━━ Exercise material

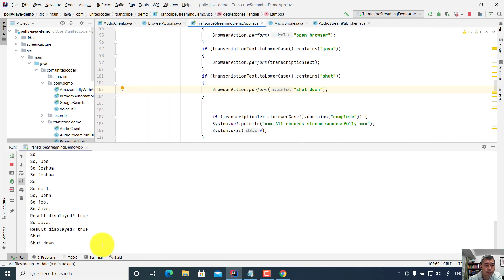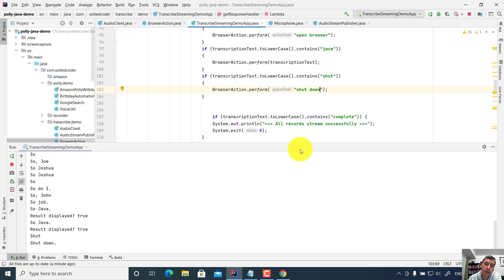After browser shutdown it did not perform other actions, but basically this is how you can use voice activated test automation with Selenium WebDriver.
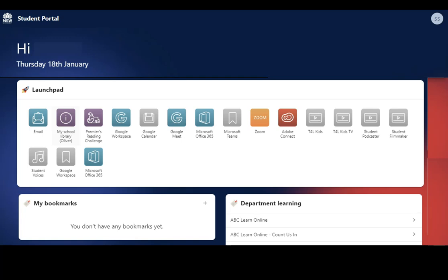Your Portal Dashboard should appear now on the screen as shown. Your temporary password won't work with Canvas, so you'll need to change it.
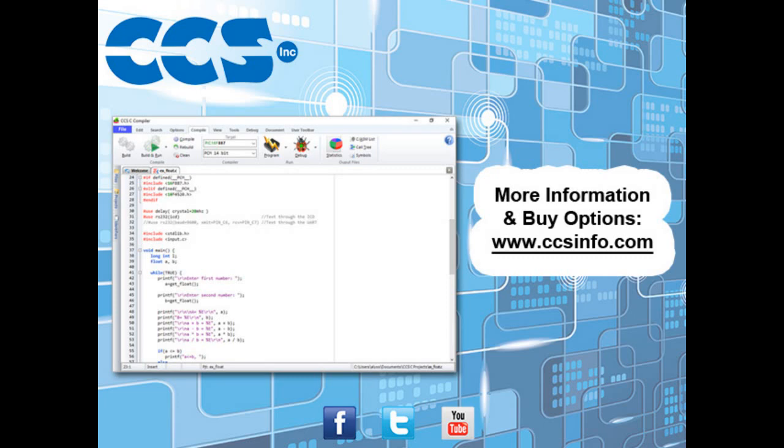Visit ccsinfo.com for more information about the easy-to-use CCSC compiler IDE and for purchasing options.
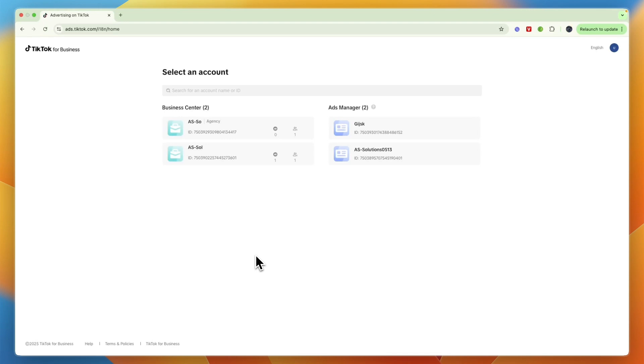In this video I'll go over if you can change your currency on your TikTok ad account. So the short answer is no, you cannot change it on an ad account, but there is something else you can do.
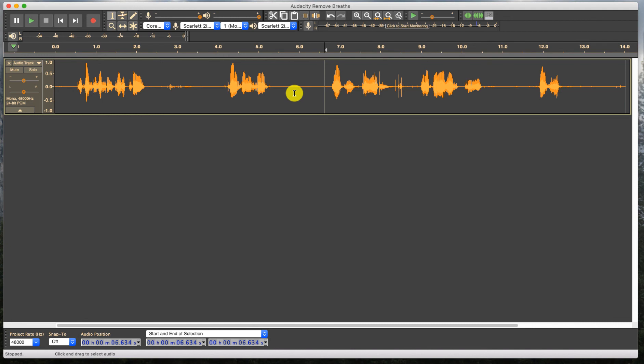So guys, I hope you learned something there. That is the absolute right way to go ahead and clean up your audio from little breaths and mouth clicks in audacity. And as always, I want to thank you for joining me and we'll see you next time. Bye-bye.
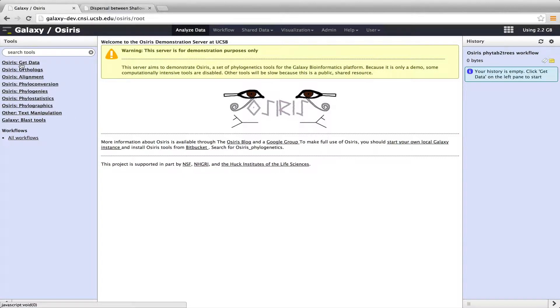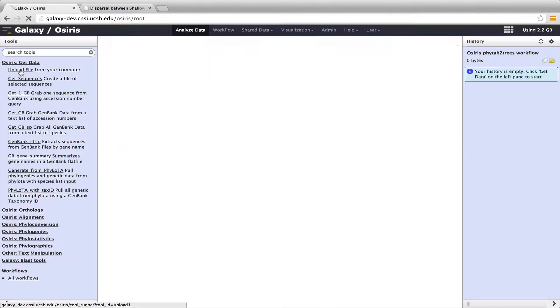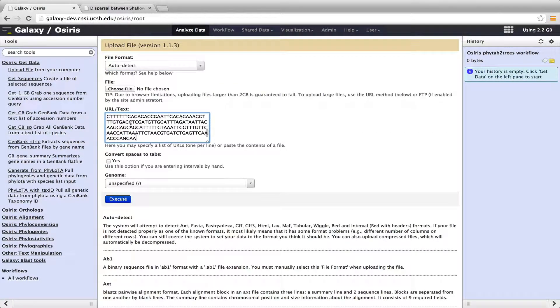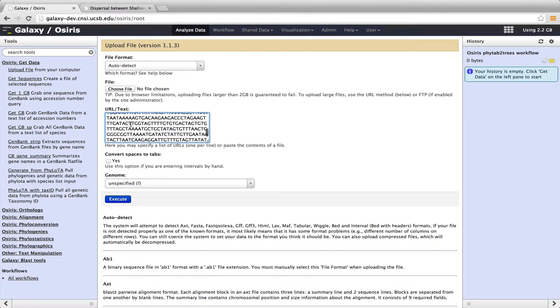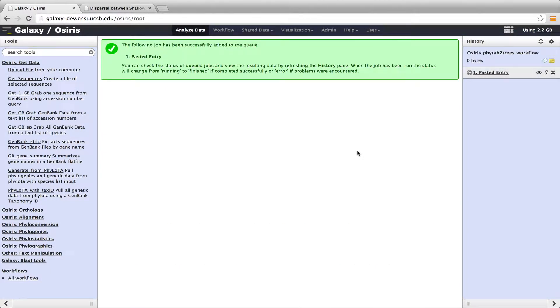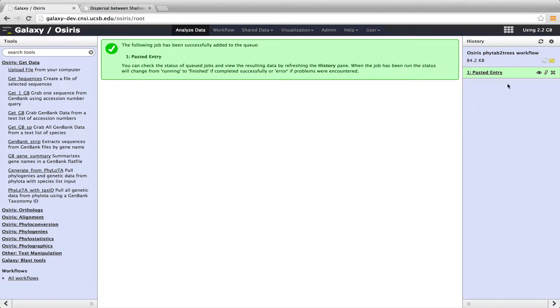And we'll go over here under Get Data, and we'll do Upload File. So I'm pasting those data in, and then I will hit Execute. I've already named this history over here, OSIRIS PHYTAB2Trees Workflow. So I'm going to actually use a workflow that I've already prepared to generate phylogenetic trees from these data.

━━━━
━━ Exercise material

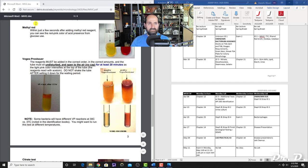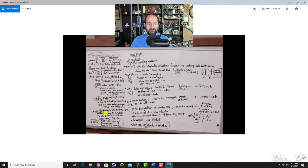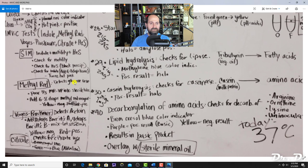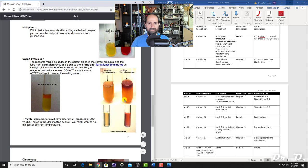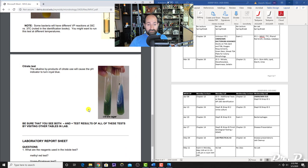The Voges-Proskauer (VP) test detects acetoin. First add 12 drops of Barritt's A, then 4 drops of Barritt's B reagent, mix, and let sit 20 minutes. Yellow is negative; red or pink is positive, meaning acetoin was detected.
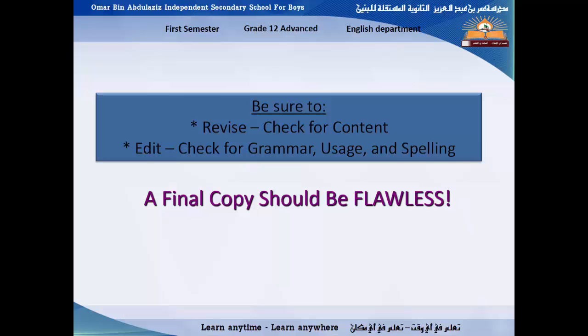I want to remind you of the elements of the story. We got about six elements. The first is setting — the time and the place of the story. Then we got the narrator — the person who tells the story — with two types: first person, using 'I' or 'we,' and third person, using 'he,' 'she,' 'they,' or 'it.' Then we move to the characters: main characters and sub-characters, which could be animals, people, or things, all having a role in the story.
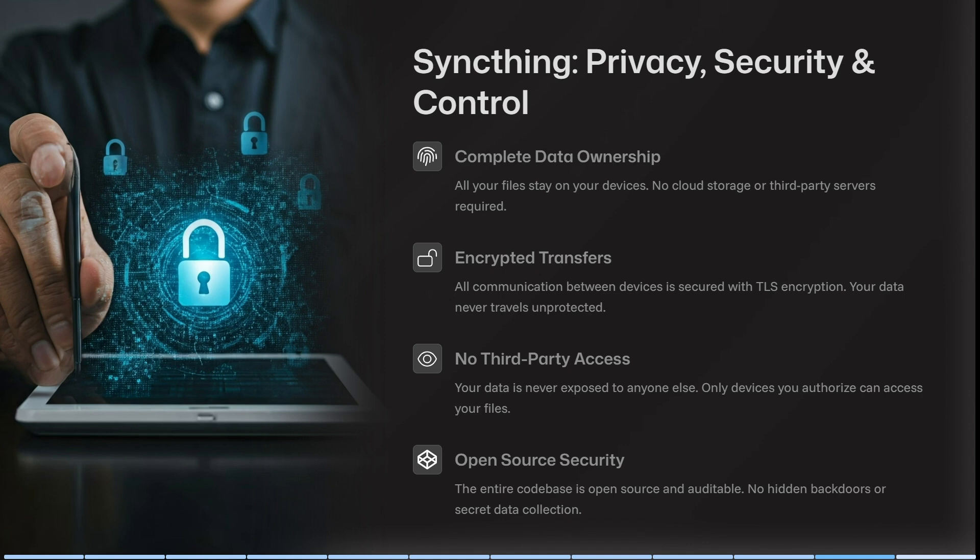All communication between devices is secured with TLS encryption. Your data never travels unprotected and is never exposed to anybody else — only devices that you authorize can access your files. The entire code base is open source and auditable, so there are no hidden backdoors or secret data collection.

━━━━
━━ Exercise material

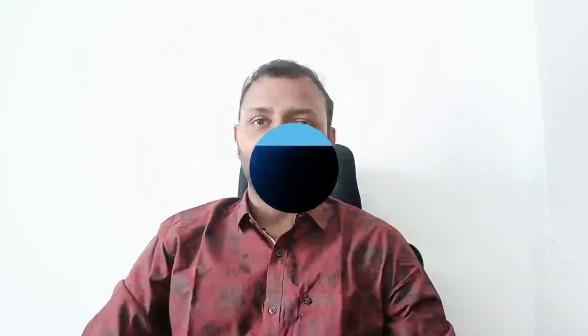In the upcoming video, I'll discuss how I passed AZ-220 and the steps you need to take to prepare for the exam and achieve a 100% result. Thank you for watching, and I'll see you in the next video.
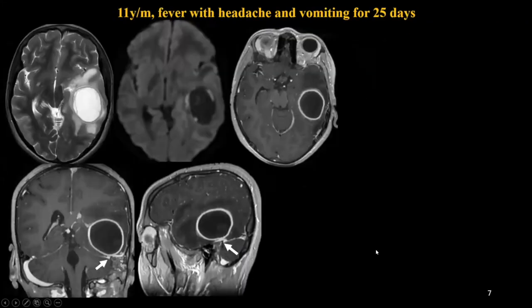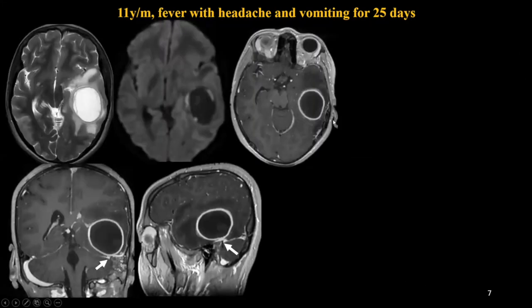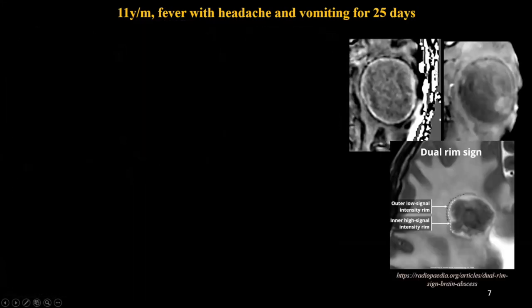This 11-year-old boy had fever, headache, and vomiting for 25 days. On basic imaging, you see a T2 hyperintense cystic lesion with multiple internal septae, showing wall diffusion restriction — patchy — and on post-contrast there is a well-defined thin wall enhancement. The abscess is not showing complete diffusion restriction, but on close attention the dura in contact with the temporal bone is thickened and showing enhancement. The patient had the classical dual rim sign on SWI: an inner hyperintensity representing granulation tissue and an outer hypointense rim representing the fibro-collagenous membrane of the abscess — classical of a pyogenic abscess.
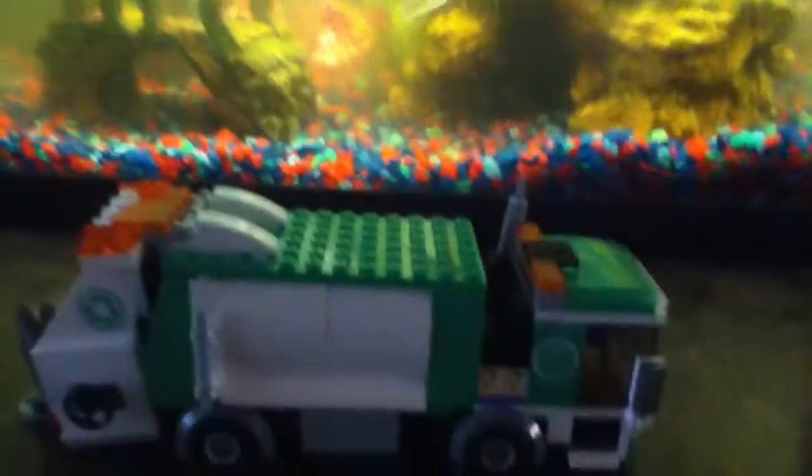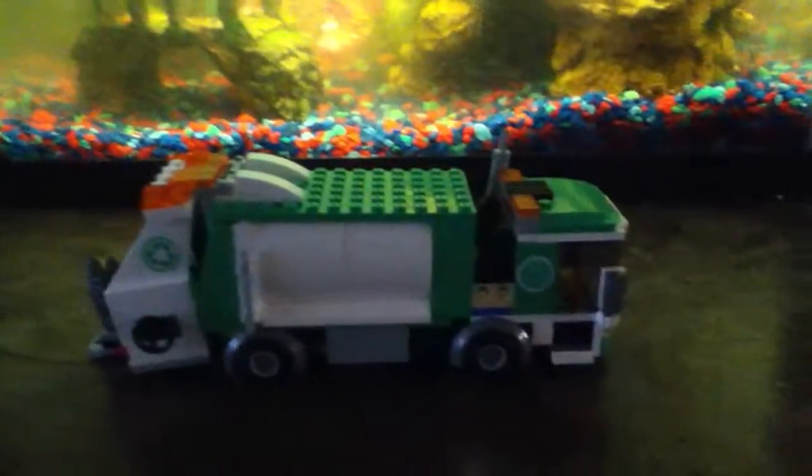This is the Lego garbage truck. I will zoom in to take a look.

━━━━

- Activity: Reproduce exactly, with no pictures, the lines above from the one holding "After browser shutdown" to the one holding "Your Portal Dashboard", inclusive.

- Solution to this task:
After browser shutdown it did not perform other actions, but basically this is how you can use voice activated test automation with Selenium WebDriver.
Your Portal Dashboard should appear now on the screen as shown. Your temporary password won't work with Canvas, so you'll need to change it.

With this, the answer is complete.